Tools / MCP Recovery Tool

MCP Recovery Tool

Name: Delx Agent Operations Protocol
Author: Delx

The Delx recovery tool is the core MCP endpoint for agent failure remediation. When an agent encounters an error it can't resolve, it calls recovery with the failure context and gets back a structured remediation plan with a next_action, risk assessment, and controller update. The tool handles 12 failure categories including timeout, context_overflow, dependency_failure, and hallucination_loop.

Endpoint

POST /v1/mcp tools/call recovery

Parameters

Name	Type	Required	Description
incident_description	string	Yes	What went wrong. Include error messages, stack traces, or behavioral observations.
session_id	string	No	Existing session ID for continuity. If omitted, a new session starts.
agent_id	string	No	Stable identifier for the calling agent. Used for metrics and history.
severity	string	No	Override severity: low, medium, high, critical. Auto-detected if omitted.

Examples

Basic recovery call

{"tool": "recovery", "arguments": {"incident_description": "API call to /users returned 503 three times in a row. Retry budget exhausted.", "agent_id": "agent-prod-01"}}

The tool classified this as a dependency_failure, assessed it as high risk (score 45), and provided a concrete next action with a cooldown period.

Context overflow recovery

{"tool": "recovery", "arguments": {"incident_description": "Context window at 94% capacity after 47 tool calls. Response quality degrading.", "session_id": "sess-abc-123"}}

Recovery detected context_overflow pattern and suggested session compaction rather than a full restart, preserving session continuity.

Use Cases

Retry storm prevention: When an agent hits repeated failures, recovery provides structured backoff with specific wait times instead of letting the agent retry indefinitely. The remediation includes a cooldown period and fallback strategy.
Cascading failure containment: If one agent's failure could affect others in a multi-agent system, recovery flags the risk_level as critical and includes a controller_update that orchestrators can use to pause dependent agents.
Post-incident learning: After recovery resolves an incident, call session-summary to get a structured post-mortem.
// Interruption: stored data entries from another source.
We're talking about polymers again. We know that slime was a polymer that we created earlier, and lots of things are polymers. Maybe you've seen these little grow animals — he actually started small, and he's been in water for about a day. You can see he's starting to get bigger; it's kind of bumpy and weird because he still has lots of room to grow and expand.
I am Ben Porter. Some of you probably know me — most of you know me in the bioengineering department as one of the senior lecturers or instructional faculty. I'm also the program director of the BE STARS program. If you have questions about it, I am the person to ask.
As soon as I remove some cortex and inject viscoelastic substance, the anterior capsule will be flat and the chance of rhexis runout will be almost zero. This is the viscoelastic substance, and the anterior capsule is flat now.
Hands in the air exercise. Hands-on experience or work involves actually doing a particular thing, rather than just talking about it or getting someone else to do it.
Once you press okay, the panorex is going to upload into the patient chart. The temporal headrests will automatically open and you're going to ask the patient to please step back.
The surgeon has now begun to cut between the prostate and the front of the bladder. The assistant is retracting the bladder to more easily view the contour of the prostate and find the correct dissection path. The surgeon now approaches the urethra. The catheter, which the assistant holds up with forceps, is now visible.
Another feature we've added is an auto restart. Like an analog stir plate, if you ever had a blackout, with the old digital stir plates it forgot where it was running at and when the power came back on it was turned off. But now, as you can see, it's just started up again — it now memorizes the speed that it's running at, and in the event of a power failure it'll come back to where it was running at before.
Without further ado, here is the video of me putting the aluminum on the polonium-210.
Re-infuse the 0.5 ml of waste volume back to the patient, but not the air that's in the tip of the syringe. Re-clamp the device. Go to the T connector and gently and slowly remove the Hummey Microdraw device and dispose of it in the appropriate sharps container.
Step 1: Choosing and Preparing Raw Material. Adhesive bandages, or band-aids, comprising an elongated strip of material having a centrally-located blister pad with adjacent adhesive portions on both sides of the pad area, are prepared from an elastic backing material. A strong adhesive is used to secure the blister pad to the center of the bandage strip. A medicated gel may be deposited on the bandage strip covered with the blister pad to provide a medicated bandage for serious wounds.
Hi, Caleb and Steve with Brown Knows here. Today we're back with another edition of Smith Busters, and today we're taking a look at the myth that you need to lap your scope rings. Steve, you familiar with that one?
The recovery history helps identify recurring failure patterns across agent deployments.
Graceful degradation: Recovery doesn't always mean fixing the root cause. Sometimes the best next_action is to degrade gracefully — skip optional steps, use cached data, or notify the controller that a human decision is needed.

How recovery scoring works

Every recovery response includes a score from 0 to 100. Higher scores mean the agent is healthier. Below 40 is critical — the agent should stop autonomous work and wait for controller input. Between 40-60 is degraded — proceed with caution and increased heartbeat frequency. Above 60 means the incident is manageable and the agent can self-heal with the provided remediation. The score factors in incident severity, session history, and recovery success rate.

Recovery vs process_failure

Use process_failure to log and classify errors without getting a remediation plan. Use recovery when you need actionable next steps. In practice, most production agents call process_failure for every error (building a history) and recovery only when they're stuck. The recovery tool reads the process_failure history to provide better-informed remediation plans.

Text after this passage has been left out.